Counting from the line that holds "Videogioco devolver digital", return each line exactly, through and including the last line of the entries.

================================

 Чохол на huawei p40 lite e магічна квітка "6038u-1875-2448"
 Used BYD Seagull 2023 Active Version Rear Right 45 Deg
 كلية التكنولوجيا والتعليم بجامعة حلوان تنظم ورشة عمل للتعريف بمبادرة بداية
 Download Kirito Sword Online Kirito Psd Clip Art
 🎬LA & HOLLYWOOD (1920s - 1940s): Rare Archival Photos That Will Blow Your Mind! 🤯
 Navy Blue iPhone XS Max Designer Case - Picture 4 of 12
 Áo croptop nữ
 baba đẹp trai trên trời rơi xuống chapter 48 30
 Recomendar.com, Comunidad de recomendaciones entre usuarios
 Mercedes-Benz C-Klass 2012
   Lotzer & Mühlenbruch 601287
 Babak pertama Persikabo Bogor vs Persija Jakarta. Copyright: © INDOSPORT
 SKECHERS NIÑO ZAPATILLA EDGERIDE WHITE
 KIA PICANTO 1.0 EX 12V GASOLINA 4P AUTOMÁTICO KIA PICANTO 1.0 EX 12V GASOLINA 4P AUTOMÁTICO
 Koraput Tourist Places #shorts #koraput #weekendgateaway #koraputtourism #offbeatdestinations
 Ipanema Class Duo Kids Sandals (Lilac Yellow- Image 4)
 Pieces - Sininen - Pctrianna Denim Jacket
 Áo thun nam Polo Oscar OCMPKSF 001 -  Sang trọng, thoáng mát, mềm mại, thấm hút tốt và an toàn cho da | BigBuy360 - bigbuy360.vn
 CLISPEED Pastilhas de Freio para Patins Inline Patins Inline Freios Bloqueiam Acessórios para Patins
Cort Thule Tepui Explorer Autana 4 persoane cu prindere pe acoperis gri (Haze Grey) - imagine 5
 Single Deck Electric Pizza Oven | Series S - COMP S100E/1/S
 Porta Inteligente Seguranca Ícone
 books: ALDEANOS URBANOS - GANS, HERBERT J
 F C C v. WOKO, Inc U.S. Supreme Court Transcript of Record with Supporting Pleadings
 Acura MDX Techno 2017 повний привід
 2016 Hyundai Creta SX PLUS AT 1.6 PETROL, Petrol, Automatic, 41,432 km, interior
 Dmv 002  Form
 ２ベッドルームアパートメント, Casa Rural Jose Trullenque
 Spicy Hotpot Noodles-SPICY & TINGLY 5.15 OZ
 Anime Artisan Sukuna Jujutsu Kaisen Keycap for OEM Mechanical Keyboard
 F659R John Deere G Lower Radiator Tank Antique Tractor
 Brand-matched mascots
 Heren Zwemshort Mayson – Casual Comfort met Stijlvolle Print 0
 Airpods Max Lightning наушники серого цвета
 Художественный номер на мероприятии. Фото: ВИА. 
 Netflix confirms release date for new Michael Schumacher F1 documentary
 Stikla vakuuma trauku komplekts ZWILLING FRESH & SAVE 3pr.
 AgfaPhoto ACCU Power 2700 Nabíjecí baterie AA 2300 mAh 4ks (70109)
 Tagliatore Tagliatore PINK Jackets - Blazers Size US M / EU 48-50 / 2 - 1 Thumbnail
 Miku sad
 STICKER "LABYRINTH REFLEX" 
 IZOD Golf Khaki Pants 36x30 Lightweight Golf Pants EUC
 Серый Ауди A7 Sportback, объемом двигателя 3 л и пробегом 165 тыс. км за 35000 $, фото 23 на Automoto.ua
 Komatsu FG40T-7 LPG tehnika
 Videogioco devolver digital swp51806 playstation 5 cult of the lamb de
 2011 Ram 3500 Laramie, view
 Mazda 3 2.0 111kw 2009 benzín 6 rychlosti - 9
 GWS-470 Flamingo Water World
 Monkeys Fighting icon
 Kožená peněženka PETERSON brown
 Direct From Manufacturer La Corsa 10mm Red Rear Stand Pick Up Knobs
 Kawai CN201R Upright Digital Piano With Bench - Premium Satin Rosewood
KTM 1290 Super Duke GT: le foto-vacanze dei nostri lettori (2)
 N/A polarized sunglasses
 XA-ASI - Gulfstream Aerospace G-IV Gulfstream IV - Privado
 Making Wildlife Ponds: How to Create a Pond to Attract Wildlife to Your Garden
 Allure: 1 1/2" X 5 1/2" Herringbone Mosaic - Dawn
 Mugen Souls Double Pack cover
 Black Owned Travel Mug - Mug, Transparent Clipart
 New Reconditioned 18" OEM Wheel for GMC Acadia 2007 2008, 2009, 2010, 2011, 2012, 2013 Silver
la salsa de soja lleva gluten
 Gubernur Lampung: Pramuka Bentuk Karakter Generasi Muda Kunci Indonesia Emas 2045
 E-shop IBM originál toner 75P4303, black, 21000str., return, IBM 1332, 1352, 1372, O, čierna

================================

Exercise solution:
 Videogioco devolver digital swp51806 playstation 5 cult of the lamb de
 2011 Ram 3500 Laramie, view
 Mazda 3 2.0 111kw 2009 benzín 6 rychlosti - 9
 GWS-470 Flamingo Water World
 Monkeys Fighting icon
 Kožená peněženka PETERSON brown
 Direct From Manufacturer La Corsa 10mm Red Rear Stand Pick Up Knobs
 Kawai CN201R Upright Digital Piano With Bench - Premium Satin Rosewood
KTM 1290 Super Duke GT: le foto-vacanze dei nostri lettori (2)
 N/A polarized sunglasses
 XA-ASI - Gulfstream Aerospace G-IV Gulfstream IV - Privado
 Making Wildlife Ponds: How to Create a Pond to Attract Wildlife to Your Garden
 Allure: 1 1/2" X 5 1/2" Herringbone Mosaic - Dawn
 Mugen Souls Double Pack cover
 Black Owned Travel Mug - Mug, Transparent Clipart
 New Reconditioned 18" OEM Wheel for GMC Acadia 2007 2008, 2009, 2010, 2011, 2012, 2013 Silver
la salsa de soja lleva gluten
 Gubernur Lampung: Pramuka Bentuk Karakter Generasi Muda Kunci Indonesia Emas 2045
 E-shop IBM originál toner 75P4303, black, 21000str., return, IBM 1332, 1352, 1372, O, čierna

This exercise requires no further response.